Right now, Chisenhall's days at Progressive Field are occupied by range-of-motion exercises. Within the past few days, he started adding strengthening workouts to his daily regimen. Once Chisenhall has regained a comfort level with his strength and flexibility, baseball drills will be mixed in as well.
It was a fluke injury that ended Chisenhall's month-long stay with the Tribe earlier this season, and the timing was especially frustrating for him. Chisenhall hit .278 with three homers and nine RBIs in his 24 games with Cleveland from May 28-June 29, but he had hit .342 (13-for-38) in the 13 games leading up to Patton's ill-fated pitch.
Chisenhall, 23, wants to make a return to the Tribe's lineup at some point in September, and the club has yet to rule out that possibility.

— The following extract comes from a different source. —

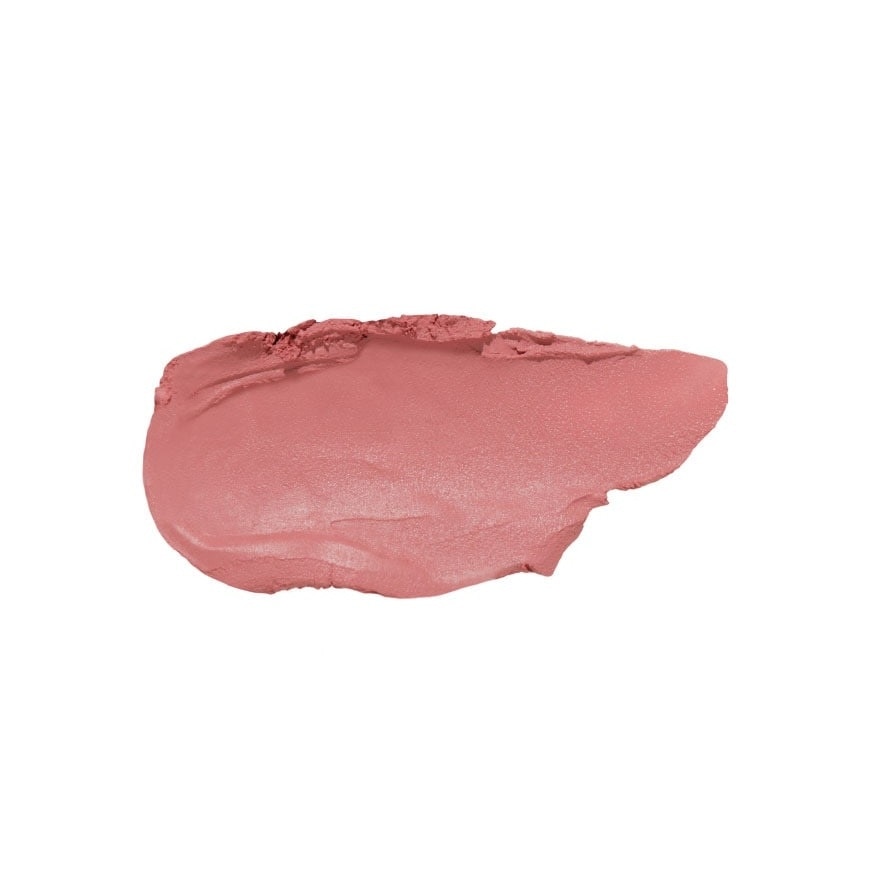 Meilinda Dewy Blush Stick 6g. 04 Fig Jam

Beyond potentially garnering some big league at-bats down the stretch, he is also contemplating playing winter ball over the offseason.

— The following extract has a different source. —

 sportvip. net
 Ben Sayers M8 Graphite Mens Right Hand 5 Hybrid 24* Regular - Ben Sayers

"It depends on the at-bats that I get up here," Chisenhall said. "I've been approached about winter ball. I know it's a good thing to go do if I'm missing a lot of at-bats, but I'd like it to be competitive. I'd like it to be where my family could go over there also. It also depends on how I feel.
"But I wouldn't mind going over there and getting a few at-bats and stuff like that against some quality pitchers."